The Dust Bowl region historically received less than 20 inches of rain a year. The late teens and early 1920s were unusually wet, but when drought hit in the 1930s the ecological destruction reached a tipping point. Winds, which were strong even in a normal year, tore out the plowed topsoil, which created dust storms, which created a chain reaction that seemed to cause the storms to intensify. Americans of the time tended to blame the storm on the fickleness of Mother Nature, but they could have blamed it on their own hubris–which was supported by the federal government’s homesteading policy. The New Deal’s Soil Conservation Service (remember when people understood that government could solve problems, as well as cause them?) began to right the ship.
Egan says that he wrote the book to give voice to the people who weathered these storms.
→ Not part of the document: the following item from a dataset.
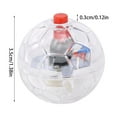 thumbnail image 3 of 3 Pcs Light Up Cat Balls, LED Motion Activated Cat Ball Cat Interactive Toys Exercise Ball for Kitten Dog Pet Animals Activity, 3 of 7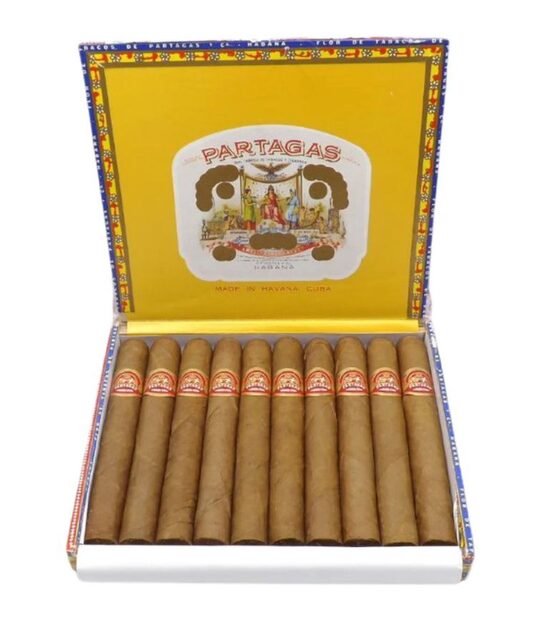 Partagas Mille Fleurs x Box of 10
He succeeds in doing that, and uncovers some true American originals. But the most compelling character in the drama by far is the storm that seems to happen in an endless film loop over a span of years. It’s just about impossible to exaggerate how devastating these storms were, and the statistics Egan throws out every so often throughout the narrative are mind-boggling. Here’s one representative example: in the year 1935 alone, dust storms ripped out the equivalent of 8 tons worth of topsoil for every man, woman, and child in the United States from the Dust Bowl and deposited it… god knows where (mostly, it appears, in the Atlantic Ocean). The people affected by the Dust Bowl didn’t receive much attention from the powers that be until a freakish 1934 dust storm system traveled all the way to the East Coast and browned out New York and D.C.
As an academic historian I’m forced to tut-tut a bit about calling this a “history.” Egan did a great deal of research for this book, much of it in regional archives, and his book is much richer for the local flavor he culls from oral histories (in addition to his own interviews) with Dust Bowl survivors. But, like another great writer in this genre, Erik Larson, he has the habit of “reproducing” conversations that took place decades ago between real historical people, even though he wasn’t there to hear the conversations and no one else recorded them. So these “reproduced” conversations aren’t really historical, but they’re clearly not fictional, either. (For an interesting discussion of Larson’s speculation-as-history, see this excerpt of an op-ed that first appeared in the Chicago Tribune.)
I’m content to call this a “non-fiction narrative” that deserves all of the awards it has received and leave it at that. I would recommend the book to anyone interested in American social history during the Great Depression and anyone thinking about climate change and man’s effects thereon. Above all, if I say “Jennifer Lopez” and this is who you think of first, The Worst Hard Time is definitely the book for you.